Eventually, Zoe made the hard decision to move rooms. It wasn't a school transfer, but still a transfer of sorts: an on-campus, living-situation transfer.

She ended up in a better dorm, which helped. But even this roommate came with challenges (hint: there’s a reason the other bed in her room was now vacant and available).

Look, college can rearrange your teen’s social world fast. Roommates leave. Friend groups shift. People transfer or drop out. And sometimes the college experience your teen imagined gets replaced by something they did not expect.

Essentially, freshman year can be the world’s most expensive mystery box.

Zoe’s outcome was happy because the school itself was right. The roommate chaos was real — disruptive, stressful, the kind of thing no campus tour prepares you for. But it didn't have the power to unravel everything, because the foundation held.

That’s what you’re actually building right now, during high school.

Not a perfect plan, but a foundation sturdy enough to hold when the plan changes.

And it will change. Here’s what that usually looks like:

Every major transition follows a similar arc.


📉
The One Dip Every Teen Can Learn to Recognize

At some point, your teen is probably going to want to quit.

Not because something is wrong with them. Not because they chose the “wrong” school. But because huge transitions almost always come with a dip. It’s just a matter of when and how deep.

I know this firsthand. One of my first jobs out of college was with Youth for Understanding (YFU), the world's oldest international student exchange organization. They were sending high school students around the world for six weeks, a semester, or a year at a time. And they didn’t just hand those kids a packing list before they jumped on their flights. They prepared them — with workbooks, a retreat, and one chart in particular that I've never forgotten.

It looked something like the one you see above.

On the left: home. Comfortable, known, familiar. Then the student gets on the plane (or in the minivan), and the line shoots up. The food at their new place is extraordinary. The architecture or environment is beautiful. Everything feels full of possibilities. It's electric.

Then something happens. It can be so small that the student doesn't even register it. Or it can be something highly remarkable. Either way, that line — the one that shot up — now drops. Hard. And it heads far south of where they were before they ever left home.

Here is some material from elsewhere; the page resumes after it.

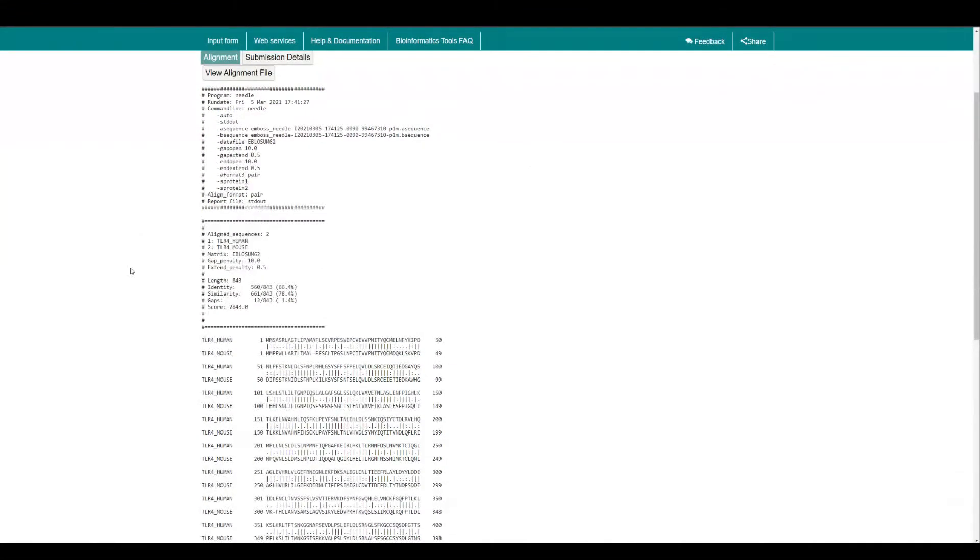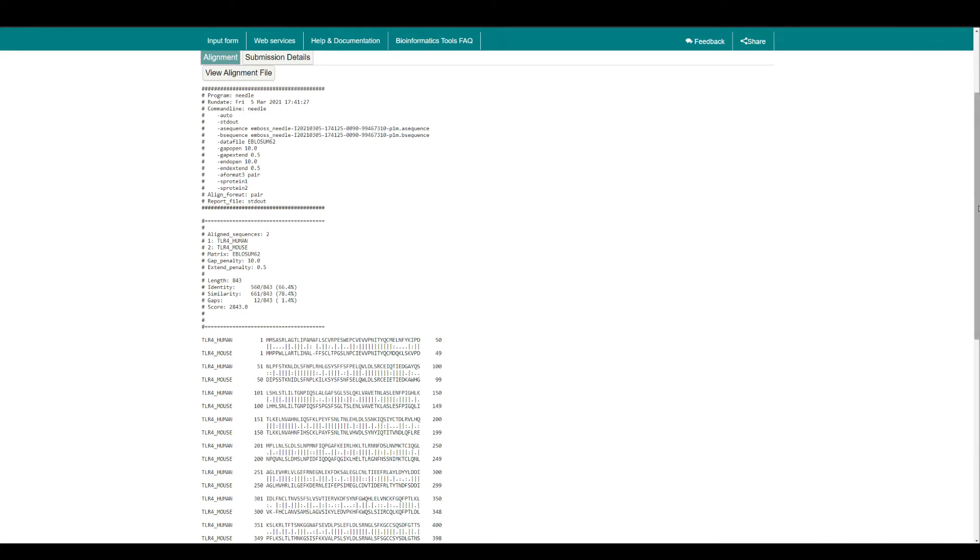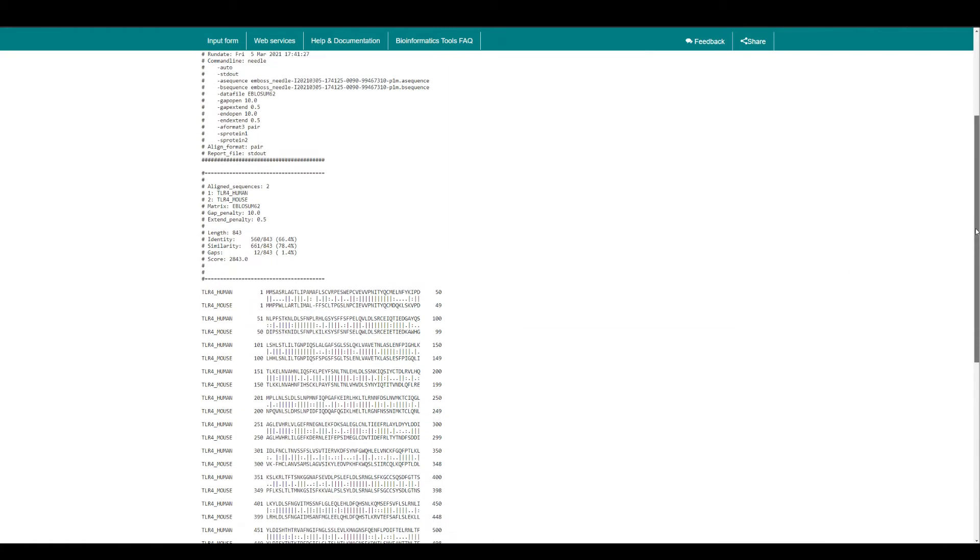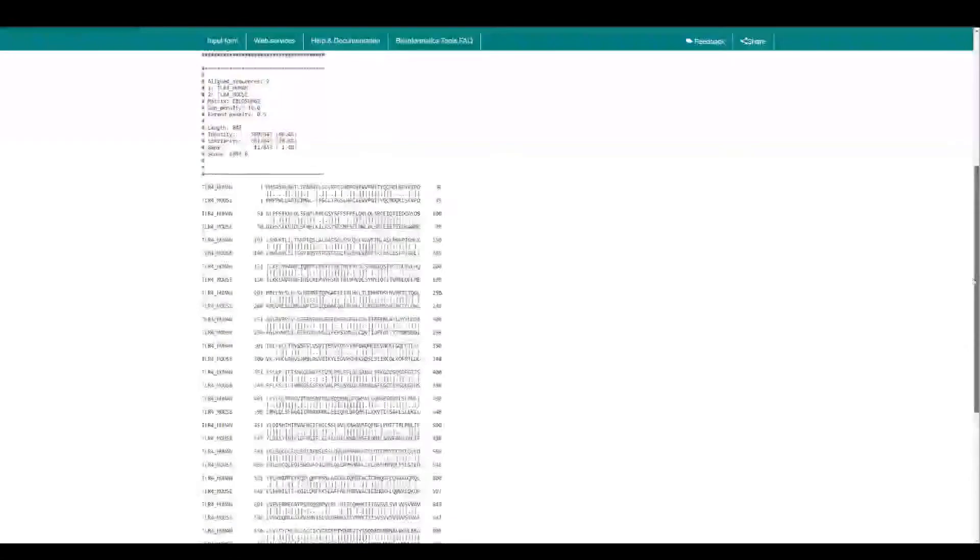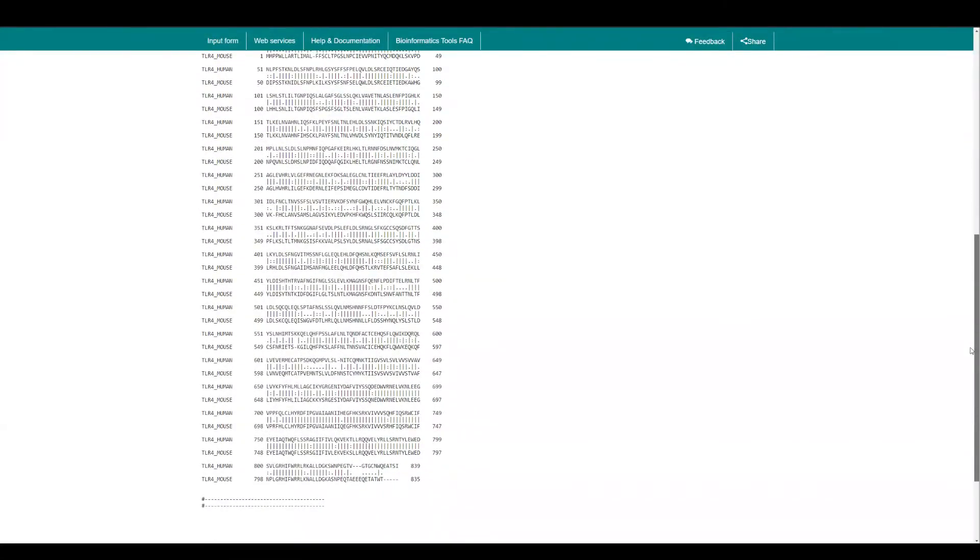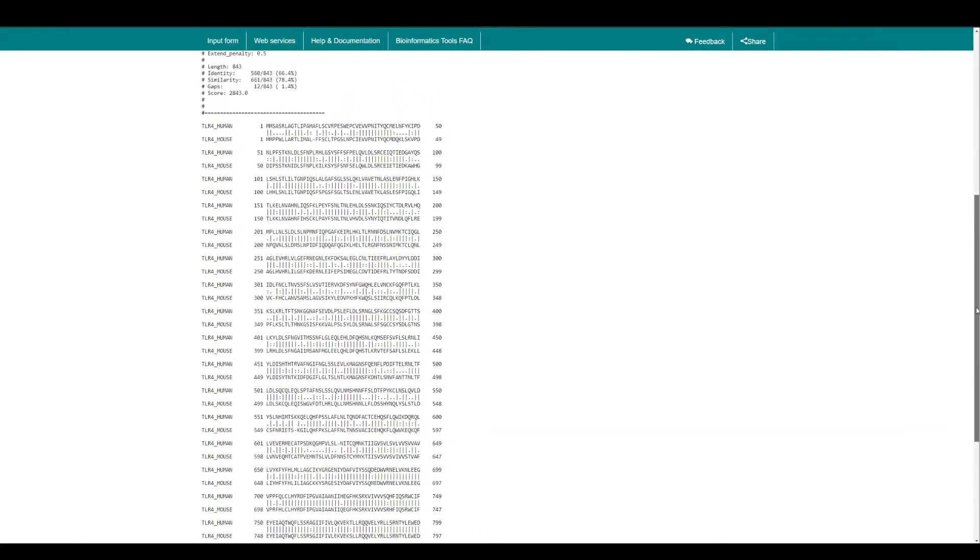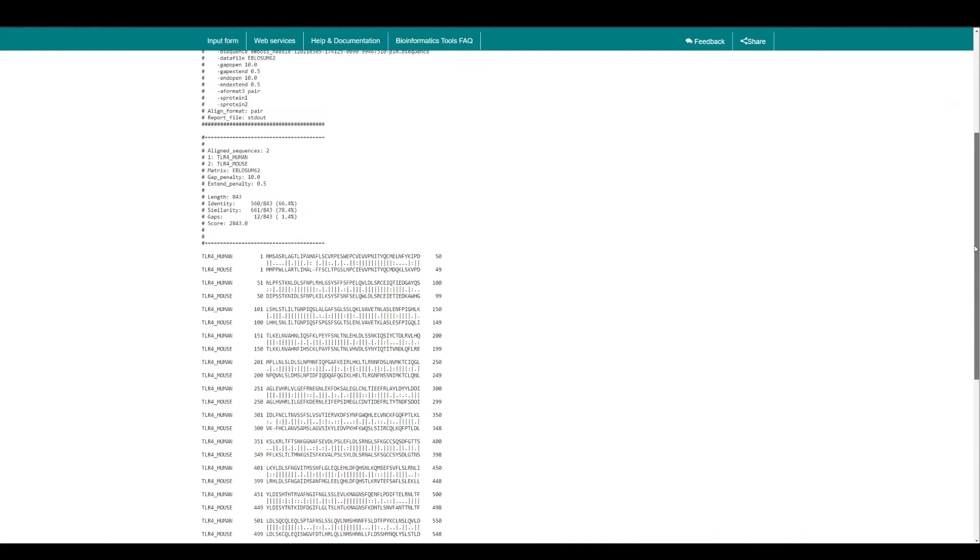This is some of the values it provides you that's important because it's going to tell you percentage identity. Look, 66.4% similarity, 78.4%, and then you have some gaps. Total score is very high because they both are toll-like receptors and you're not expecting too many differences, but still you can see there are significant differences here.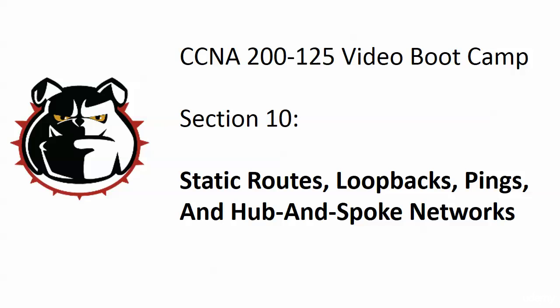We're going to do a lot of different things in this section. We have four different things up on the title board: static routes, a couple of different kinds of static routes, loopbacks, and we're going to do some pings.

This is where the student gets tired… Tired of being “on” around strangers every hour of the day. Tired of unfamiliar food. (I once spent my last two days in India eating lambburgers at McDonald’s in Delhi. I was just so done.) Tired of trying. 

And then you get the call.

They’re in tears. "I want to come home."

That call can feel like a five-alarm emergency to a parent.

But if you and your teen have already talked about the dip, that call can land differently. You, my wise parent, can say: “This sounds like the dip we talked about. It feels awful, and were taking it seriously — but were not making a permanent decision from the bottom of the curve.”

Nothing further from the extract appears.